Praktisch alle Tokens wurden in Mitleidenschaft gezogen, da die Realzinsen einen übergeordneten Effekt haben. Die etablierteren Projekte konnten sich etwas besser halten, wogegen neue Start-ups mit noch wenig Cashflow besonders gebeutelt wurden.

Wie haben Ihre Kunden auf die Talfahrt reagiert?
Unsere Kunden sind primär Family Offices, Vermögensverwalter und Crypto Funds of Funds, die wir gut über die Volatilität des Krypto-Marktes und die Risiken informiert haben. Zudem macht Krypto für die meisten nur einen kleinen Teil des Portfolios aus, je nach Risikofreudigkeit meistens zwischen einem und fünf Prozent. Unsere Kunden wurden nicht nervös, aber einige antizyklische Investoren nutzen diese Korrektur, um eine Position aufzubauen oder zu erhöhen.

Was beeinflusst noch die Kurse von Kryptowährungen?
Ähnlich wie bei Aktien spielen die Cashflows und übergeordnet die Geldpolitik eine wesentliche Rolle.

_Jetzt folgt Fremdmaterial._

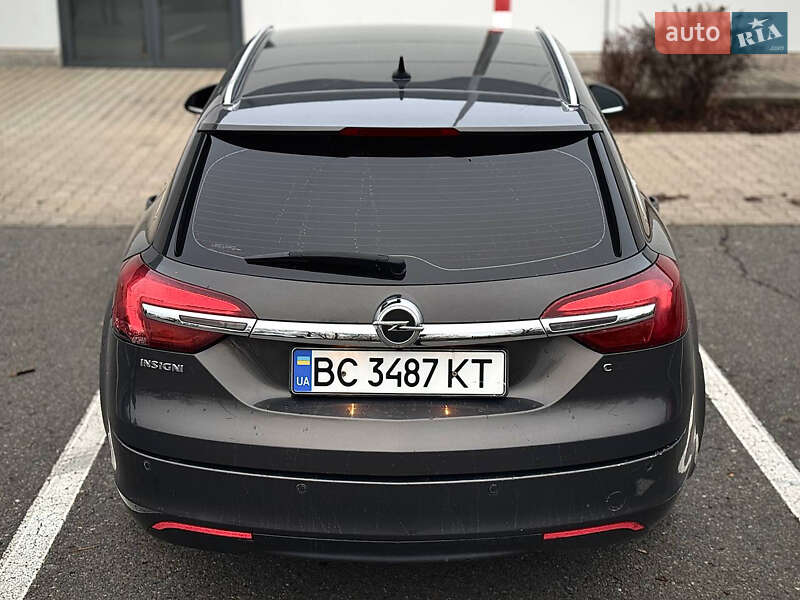 Универсал Opel Insignia 2015 в Самборе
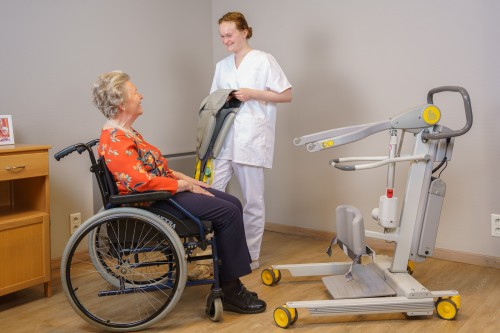 Transfer van/naar rolstoel - Actieve tilband - Lève-personne actif 2620 -  peu ou pas de tension sous les aisselles - Handi-Move Lève-personnes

Die Realzinsen sind wie gesagt besonders wichtig für Wertaufbewahrungstokens ohne Cashflows wie Bitcoin oder Gold. Mittelfristig sind die technologischen Entwicklungen dieser Projekte massgebend – und die regulatorischen Rahmenbedingungen.

 

  

«Kryptowährungen können Transaktionen schneller und günstiger abwickeln.»

Welches sind die angesagtesten Kryptowährungen?
Wir setzen neben Bitcoin aktuell auf Ethereum und Tokens aus dem dezentralen Finanzsystem.

Oft wird bei Kryptowährungen der grosse Stromverbrauch kritisiert, der beim Mining entsteht. Gemäss Experten sind es pro Jahr rund 125 TWh, was etwa 0,6 Prozent des weltweiten Stromverbrauchs entspricht. Ist das noch opportun in Zeiten, wo Energie gespart werden sollte?
Bitcoin verbraucht ungefähr so viel Energie wie alle Tumbler auf der Welt. Gegenüber Gold sieht Bitcoin sogar grün aus, wenn die ganzen Landschäden und Chemikalien berücksichtigt werden. Falls sich Bitcoin tatsächlich zu einem alternativen Wertaufbewahrungsmittel entwickelt, ist man allenfalls bereit, diesen Verbrauch für die Sicherheit des Systems aufzuwerfen. Andererseits wechseln immer mehr Krypto-Projekte wie Ethereum zum effizienteren «proof of stake»-Mechanismus und werden damit mehr als 99 Prozent energieeffizienter.

Wie gehen Laien am besten vor, wenn sie ins Krypto-Business einsteigen wollen?
Ich finde es lehrreich, wenn man selbst ein Wallet eröffnen und mit wenig Geld an die Kryptobörsen geht, um den Prozess zu verstehen. Für einige wird es kompliziert und befremdlich sein, die eigenen Passwörter zu verwalten und am Puls der Entwicklungen im Kryptomarkt zu bleiben. Diese werden sich mittelfristig möglicherweise für einen aktiv verwalteten Fonds wie unseren entscheiden.

Wie wird sich der Kryptomarkt in den kommenden Jahren entwickeln?
Etwa 95 Prozent der Start-up-Projekte werden sich nicht durchsetzen und verschwinden, deshalb ist Diversifikation entscheidend. Wir konzentrieren uns deshalb auf Wertschriftentokens wie Ethereum oder solche aus dem dezentralen Finanzsystem, also aus der Blockchain. Diese werden unserer Meinung nach einen sehr disruptiven Charakter für das bestehende Finanzsystem (Banken, Börsen etc.) haben und generieren auch Cashflows.